The USAF actuarial methods assume constant failure rates within short age intervals, Poisson demands, and ignore variance induced by variable flying hours per aircraft in the flying hour program. I later figured out how to estimate actuarial failure rates for all engines, major modules, and their service parts, with or without life-limits and without lifetime data; I computed the distribution of demand forecasts, not Poisson. I offered to show AFIT faculty, AFOSR, AFRL, and RAND how to extend actuarial methods to all service parts [George, 1993].
This year, the Air Force reverted to MTBF management. AFMAN20-116_AFGM2025-01 15 January 2025, revises “AFMAN20-116 PROPULSION LIFE CYCLE MANAGEMENT FOR AERIAL VEHICLES, 2022 as follows…

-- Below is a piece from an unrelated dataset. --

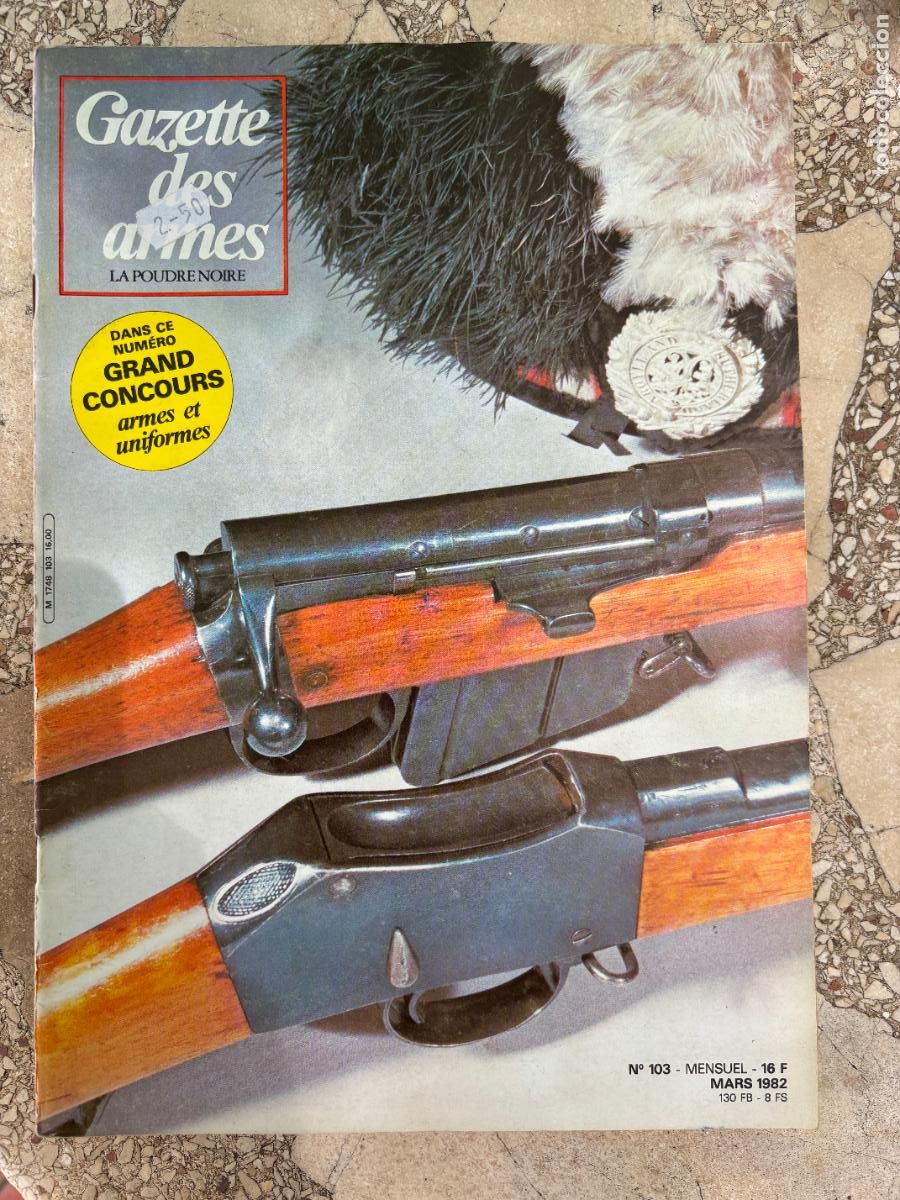 Militaria: GAZETTE DES ARMES N&ordm; 103 A&Ntilde;O 1982. ARMEMENT DES TROUPES BRITANNIQUES 1879-1902.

“MAJCOMs, Depots, and field units will use ATOW {Average Time On Wing] or MTBR [Mean Time Between Removal] as the primary metric to measure RCM effectiveness and overall engine reliability health.”… “Total and inherent ATOW or MTBR will be reported by the Engine TMS manager. Both measures will exclude all serviceable built-up removals and quick turn removals. The inherent ATOW or MTBR will also exclude removals for Foreign Object Damage (FOD), fuel/oil contamination (non-engine related), and other maintenance faults exclusive of the design.” (Notice those excluded events typically occur at a constant rate in time independent of engine ages?)
“ATOW is calculated as: ATOW = ∑ EFH removed engine ÷ # removals, where ∑ EFH removed engine is the sum of flying hours since the last removal on only the engines removed in a given quarter. This is calculated manually as CEMS and Propulsion Actuarial Client/Server do not automatically report this number. 10.4.1.2.4. Quarterly data from Propulsion Actuarial Client/Server is used for EFH and number of removals. 10.4.1.2.5. MTBR is calculated quarterly by the Engine TMS actuary, using a four-quarter rolling average to smooth any seasonal variation, and posted on the Actuarial SharePoint site.” [GitHub]
The USAF continues to use armchair exercises such as RCM and MTBR=hours/removals as of 15 Jan. 2025! “By Order of the Secretary of the Air Force, this Guidance Memorandum immediately changes AFMAN 20-116, Propulsion Life Cycle Management for Aerial Vehicles. Compliance with this memorandum is mandatory. To the extent its directions are inconsistent with other Department of the Air Force publications, the information herein prevails, in accordance with DAFI 90-160, Publications and Forms Management.”
Dispute?
Does the US Department of Government Efficiency deserve credit for the elimination of actuarial methods from engines’ and parts’ management? Technically, efficiency is the ratio of the useful work performed by a machine or process to the total energy expended. This reversion to MTBF management produces less useful information but requires less work than actuarial methods.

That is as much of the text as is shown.